Angleichung in den Landkreisen dringend erforderlich
„Jeder Mensch ist vor dem Gesetz gleich. Das gilt auch für Menschen mit Behinderung in Baden-Württemberg - zumindest in der Theorie“, so Katja Mast, SPD-Bundestagsabgeordnete für die Menschen aus Pforzheim und dem Enzkreis.
Seit der Verwaltungsreform 2005 werden Behinderungen dezentral von den Landkreisen anerkannt. „Das ist grundsätzlich gut, denn nur so haben die Bürgerinnen und Bürger heute die Möglichkeit, einen persönlichen Ansprechpartner vor Ort zu haben und das Gespräch zu suchen, wenn sie ihren Antrag auf Schwerbehinderung stellen“, so die Sozialexpertin.
Dennoch lassen die unterschiedlichen Fallzahlen in den Landkreisen in Baden-Württemberg darauf schließen, dass der Wohnort im Ländle mit darüber entscheidet, ob und wie die Schwerbehinderung anerkannt wird. Zu diesem Ergebnis kommt der Mediziner Dr. Dieter Schneider, der die Situation in Baden-Württemberg genauer unter die Lupe genommen hat.

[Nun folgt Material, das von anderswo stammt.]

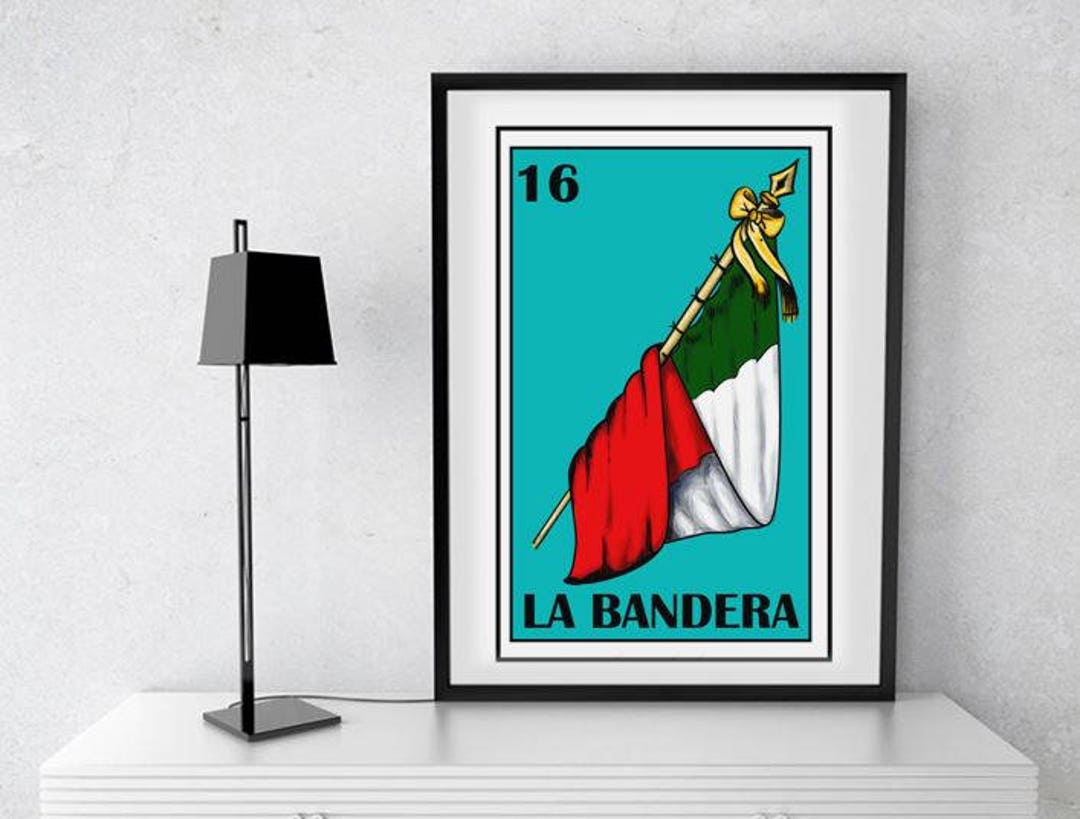 Mexican Loteria, La Bandera Loteria, Mexican Flag Loteria, Bandera De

„Ich bin Herrn Dr. Schneider dankbar, dass er unsere Landkreise überprüft und statistisch ausgewertet hat. Nur so konnte er uns zum ersten Mal eine Übersicht für ganz Baden-Württemberg vorstellen“, sagt Katja Mast, stellvertretende Vorsitzende der SPD-Landesgruppe Baden-Württemberg, in einem Gespräch mit Dr. Dieter Schneider.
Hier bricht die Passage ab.